Raw data below:

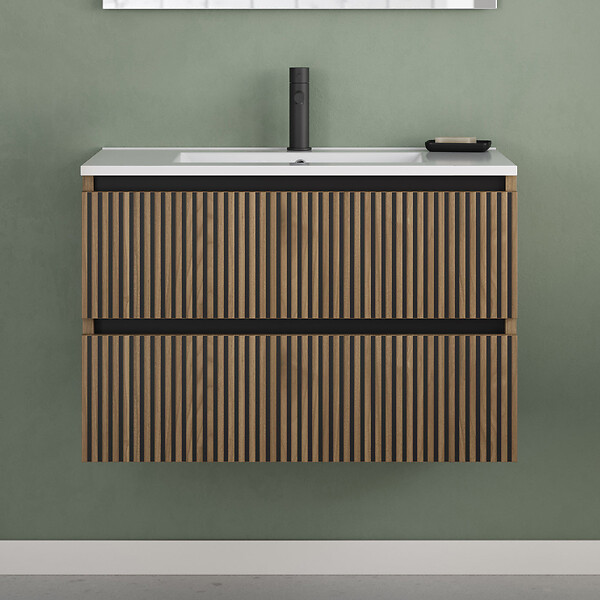 COSYNEO - Meuble de salle de bain 80cm simple vasque - 2 tiroirs - noyer (bois foncé) - VENERIA - large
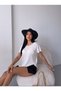 Women's Summer Knitted Wide Sleeve Collar Detail Bluz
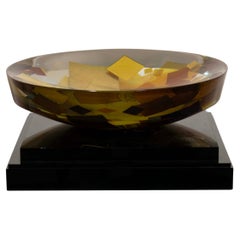 Tomas Hlavicka Bon Appetite Fused Art Glass & Gold Leaf Bowl on Base 2004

End of Raw data.

Exercise instructions
Working from the lines above, reproduce the material exactly and exclude its pictures.

Exercise output
 COSYNEO - Meuble de salle de bain 80cm simple vasque - 2 tiroirs - noyer (bois foncé) - VENERIA - large
 Women's Summer Knitted Wide Sleeve Collar Detail Bluz
 Tomas Hlavicka Bon Appetite Fused Art Glass & Gold Leaf Bowl on Base 2004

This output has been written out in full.